Records contained in a dataset:
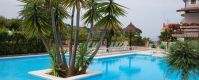Piscina azzurra con una palma centrale, lettini intorno e strutture in legno sullo sfondo.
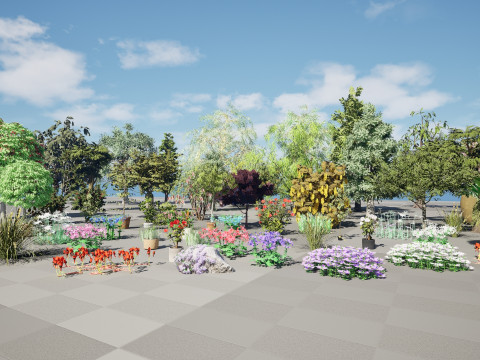 Australian Plant Collection Trees Flowers 3D Model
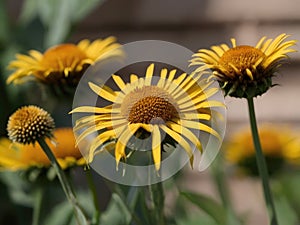 Elecampane (Inula helenium)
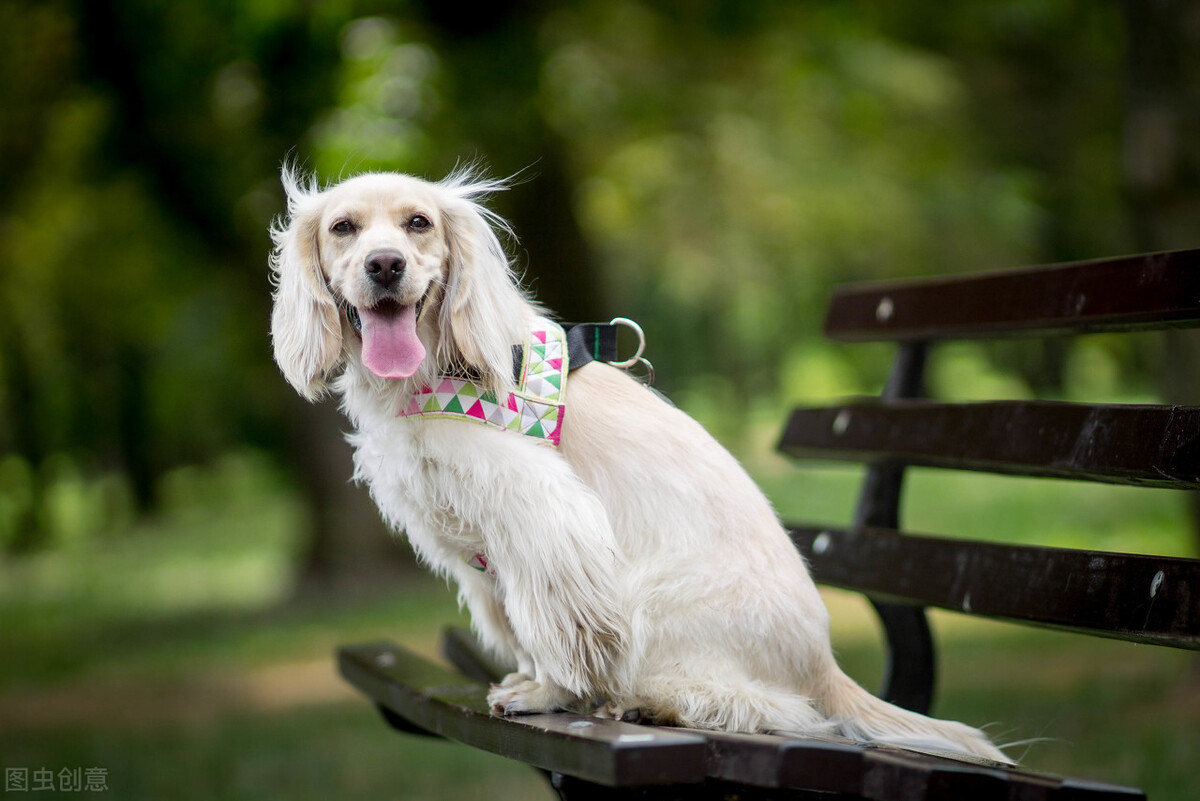 哪些食物狗是不能吃,知识科普狗狗不能吃哪些食物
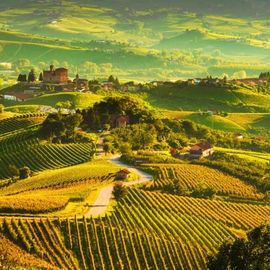 Piedmont: Barolo, Truffle and the Table of the Langhe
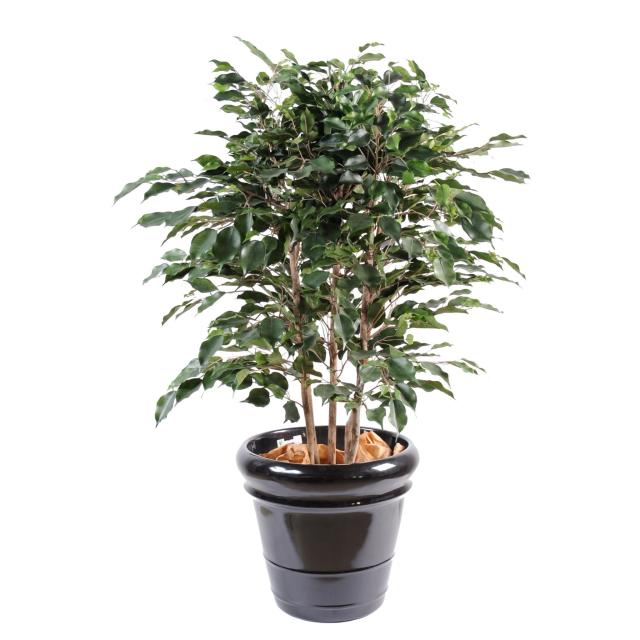 Ficus artificiel EXOTICA BUISSON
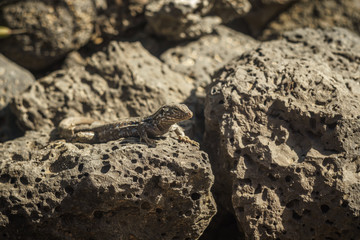 Lizard Tizón. Endemic lizard of the Canary Islands.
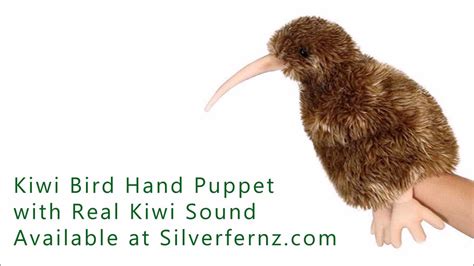 Kiwi Bird Hand Puppet with Real Kiwi Bird Sound - YouTube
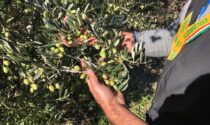 Lezione di potatura dell'olivo con la Fondazione Fojanini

▶ ACTIVITY
The data above must be given again in full and unaltered, minus its images.

▶ SOLUTION FOR THIS PROBLEM
Piscina azzurra con una palma centrale, lettini intorno e strutture in legno sullo sfondo.
 Australian Plant Collection Trees Flowers 3D Model
 Elecampane (Inula helenium)
 哪些食物狗是不能吃,知识科普狗狗不能吃哪些食物
 Piedmont: Barolo, Truffle and the Table of the Langhe
 Ficus artificiel EXOTICA BUISSON
 Lizard Tizón. Endemic lizard of the Canary Islands.
 Kiwi Bird Hand Puppet with Real Kiwi Bird Sound - YouTube
 Lezione di potatura dell'olivo con la Fondazione Fojanini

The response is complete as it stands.